HOUSTON -- Based on an analysis of past economic trends, Ernst & Young believes that when the current pricing cycle stabilizes, oil and gas producers will benefit from solid opportunities in the overall economic recovery. Previous commodity price downturns lasted an average of 73 weeks. The company believes the country may be half-way through this cycle.
With the current economic turmoil and the sharp decline in global oil demand, average crude oil prices have declined by more than $100/bbl, marking the sharpest commodity price decline in history, an unprecedented 75%. The severity of the current situation can be attributed to the cascading effect of the current economic crisis, the company says.

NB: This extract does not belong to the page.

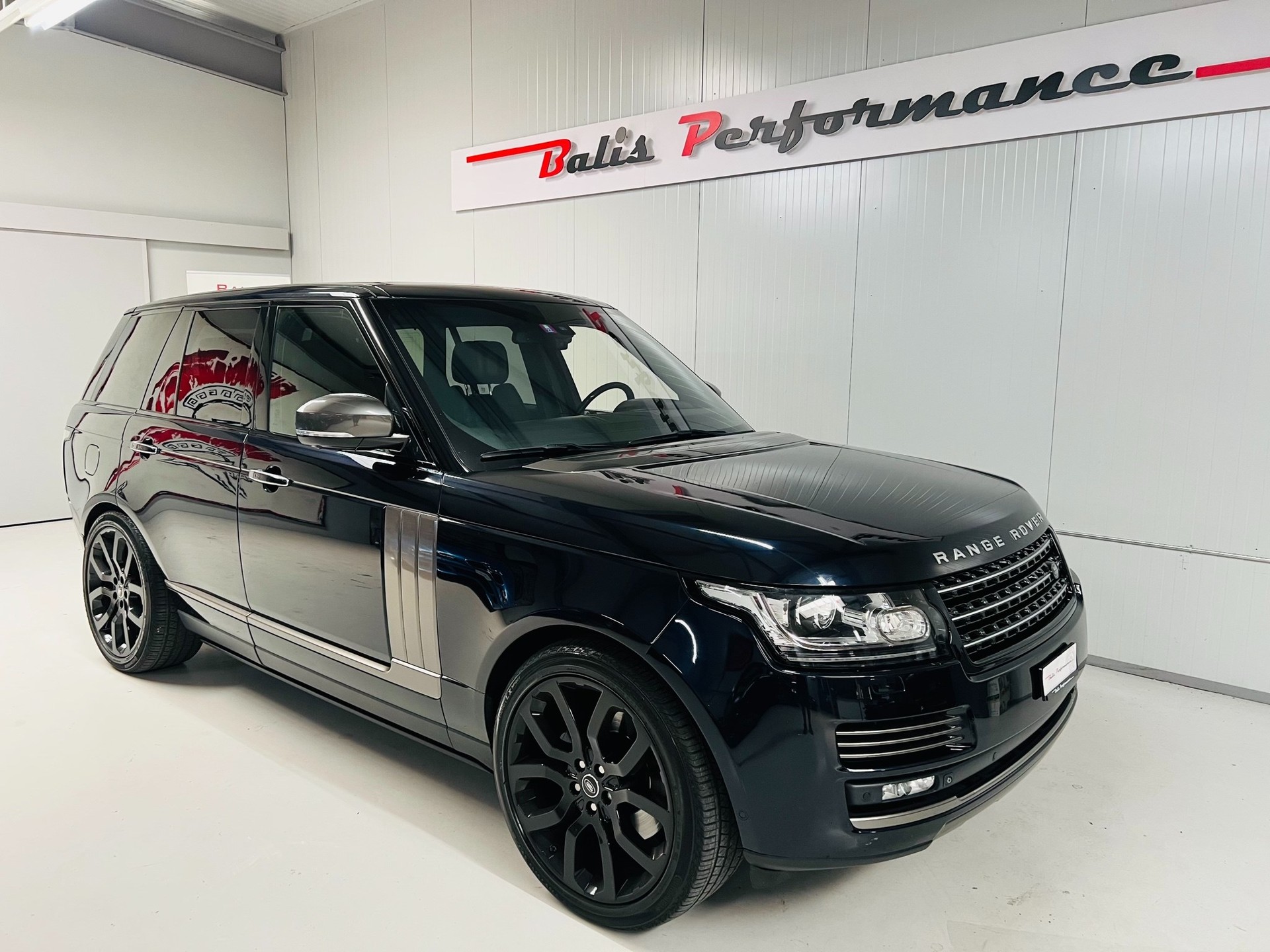 LAND ROVER Range Rover 4.4 SDV8 Autobiography Automatic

"Compared to the recovery of the last major collapse in the 1980s, today's industry is much leaner, more efficient and better-positioned to take advantage of opportunities during an economic recovery," says Marcela Donadio, Americas Director of Oil & Gas for Ernst & Young. "Looking at the duration of previous commodity price downturns, we could be half-way through this cycle. Now's the time to plan for the upside."

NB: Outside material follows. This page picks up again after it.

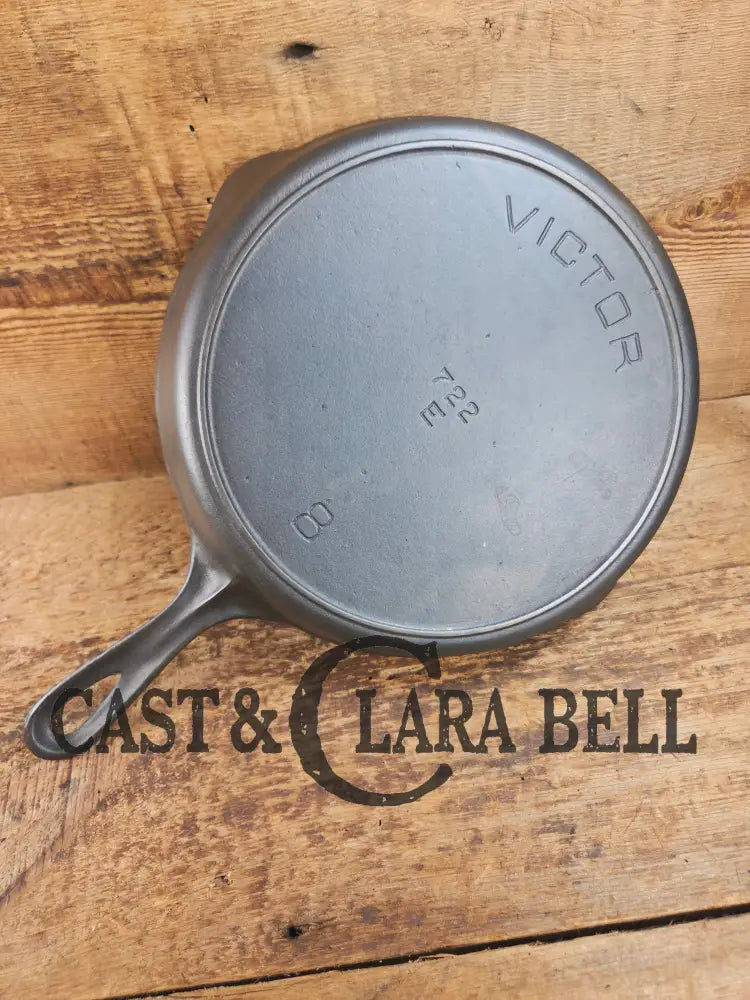 1905-1909! Second series Griswold Victor #8 Skillet 722 E. Restored and Ready to Use one of our underrated favorites!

Ernst & Young believes that sustained E&P activity will enable producers to meet long-term demand and offset pricing shocks in the next up cycle. Producers would be wise to maintain a long-term focus and "drill through the storm," even as margins decline, the company says. This will not only ensure continuity of supply, but serve to help retain top talent which will pay dividends in the long term as the retiring of today's oil and gas workforce gets underway.